Logan Wells’ family raises the $190,000 to build skate park in his memory in Anaheim

Friends and family of Logan Wells, a Yorba Linda teen killed while skateboarding in 2014, are planning a spring groundbreaking for a memorial skate park in Anaheim.

Fundraising efforts netted $190,000 to design and build the Logan Wells Memorial SkateZone next to the East Anaheim Gymnasium. The park could be ready for use by early next year, Anaheim spokeswoman Lauren Gold said.

“I kind of feel like we’re a step closer to some peace,” Katie Wells, Logan’s mother, said. “We put so much emotion and effort into the fundraising, I think we kind of pushed the grieving part aside.”

Logan Wells, a 16-year-old El Dorado High student with a passion for skateboarding, was struck while skating March 23, 2014, and died hours later at a hospital.

Supporters initially hoped to build a memorial skate park in Yorba Linda, but officials said the obstacles – finding a suitable spot and and raising a projected $1 million – were too great. Anaheim officials stepped in to offer a space next to the gym and police station.

“I love the location because I think parents with younger kids can feel safe with the police station right there,” Katie Wells said.

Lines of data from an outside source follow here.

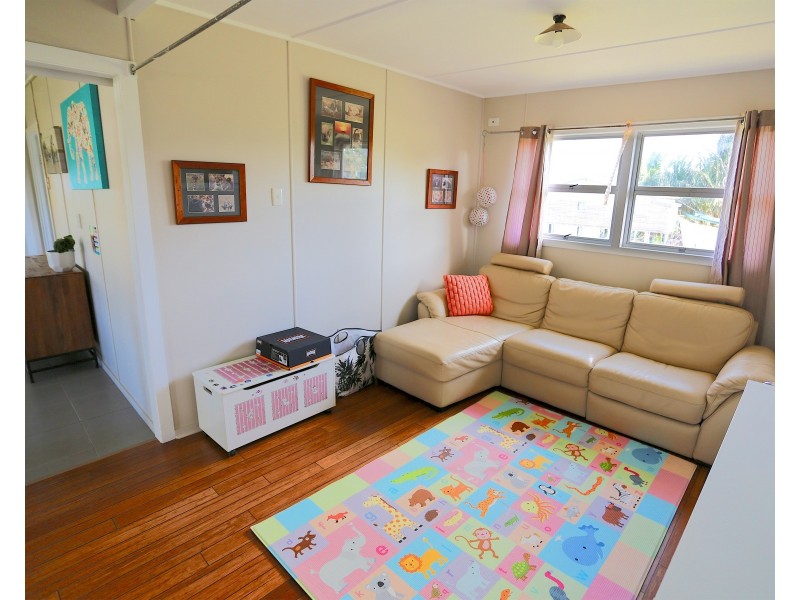 6 Esplanade, Zilzie QLD 4710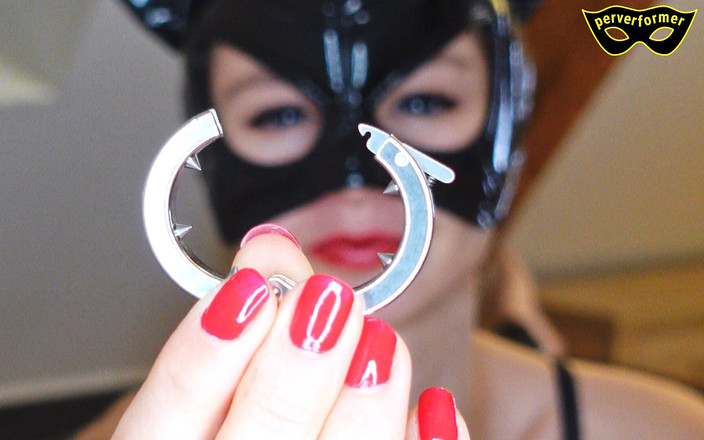 perverformer: छोटे स्पाइक रिंग से बहुत बड़ा मजा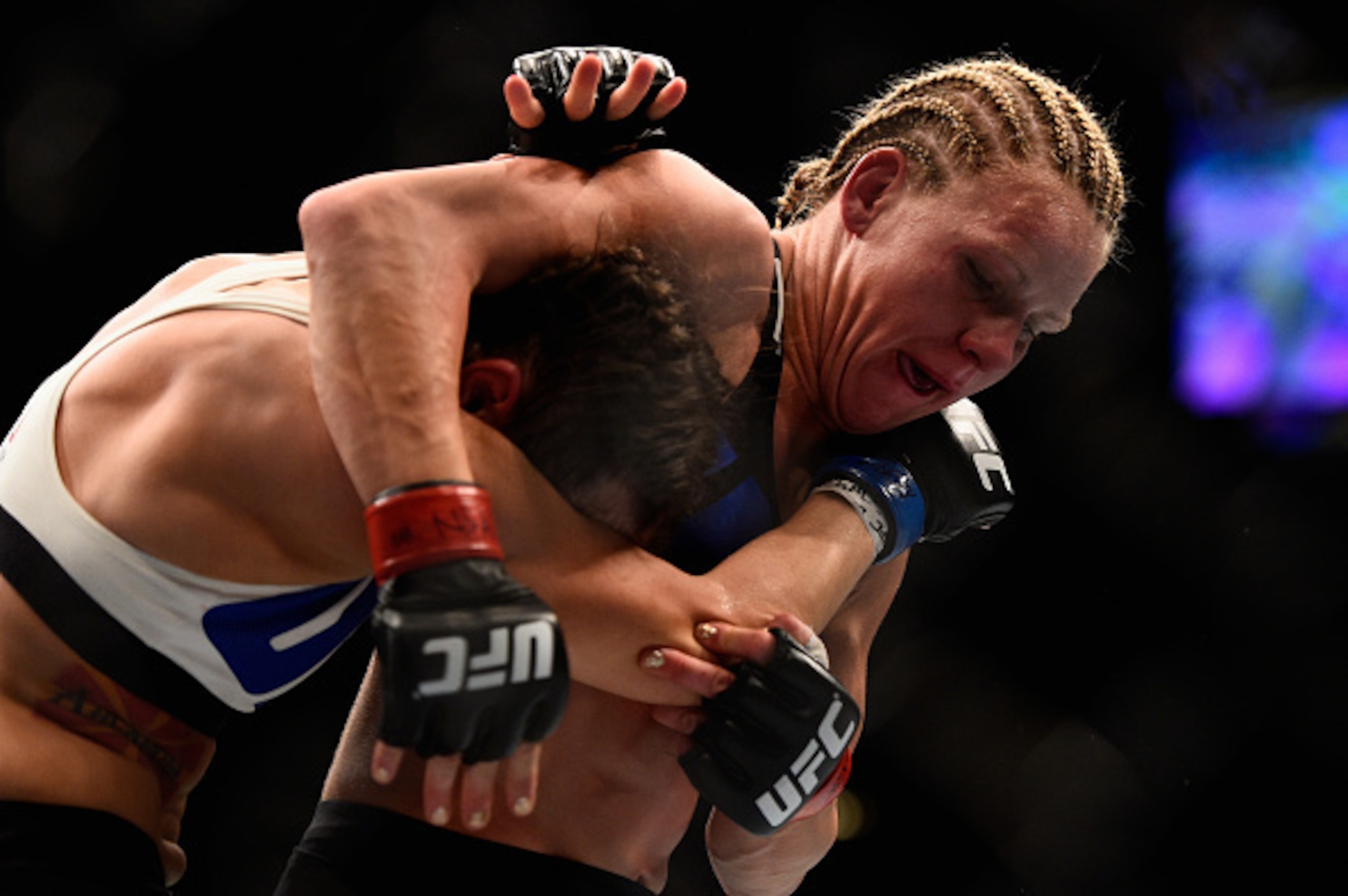 Justine Kish (top) fought Nina Ansaroff. Justine Kish (top) fought Nina Ansaroff.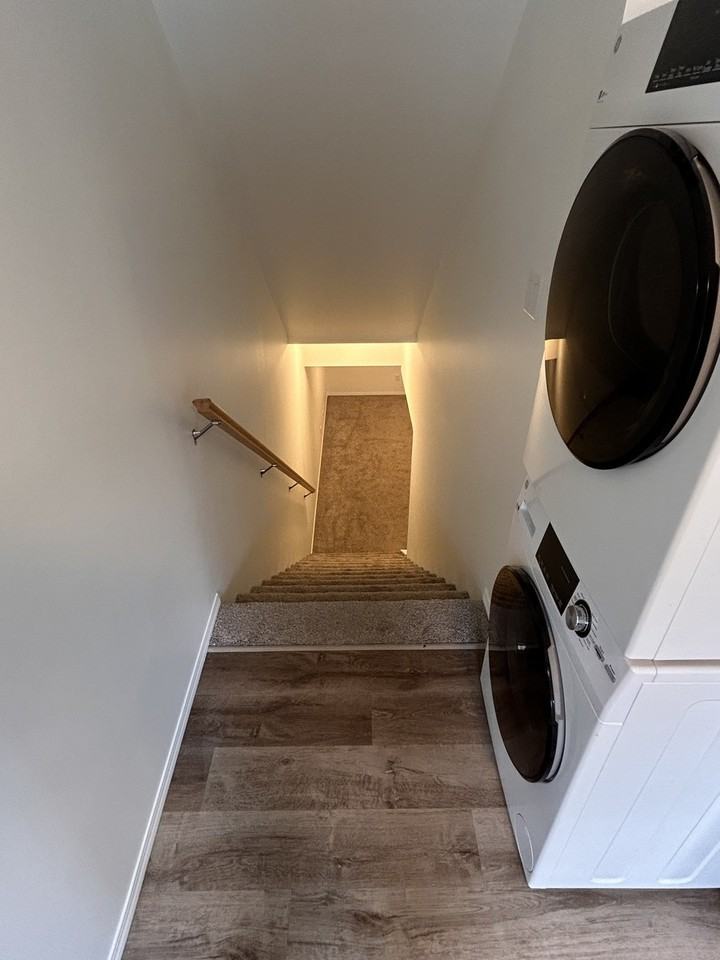 11213 51 St Nw - Photo 5 of 42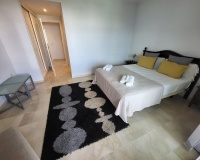 Resale - apartment - Marbella - Puerto Banús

Logan Wells' parents, from right, mother Katie Wells, father Joe Wells, and stepmother Gloriana Wells, all of Yorba Linda, walk through the future site of a skate park to be named after him in Anaheim in 2016. /File photo by Ed Crisostomo, The Orange County Register/SCNG
Logan Wells’ parents, from right, mother Katie Wells, father Joe Wells, and stepmother Gloriana Wells, all of Yorba Linda, walk through the future site of a skate park to be named after him in Anaheim in 2016. /File photo by Ed Crisostomo, The Orange County Register/SCNG

She and Joe Wells, Logan’s father, expressed their gratitude to everyone who donated or helped the effort in some way. Joe Wells said they held golf tournaments, restaurant benefits and a 5K run. Businesses, charities and even kids who could only give a few dollars chipped in.

“It’s been a lot of work to get to this point. We were almost a little bit discouraged” at cost estimates that seemed to keep growing, Joe Wells said.

But Logan’s parents both said the community, even strangers, have been in their corner the whole time.

“Out of a tragedy, it’s been beautiful the support we’ve gotten,” Katie Wells said.

Gold said proposals to design and build the park are due to Anaheim by Feb. 20. Community meetings will be held in spring to get input on the park’s design, and the family hopes to have a groundbreaking ceremony May 25, when Logan would have turned 21.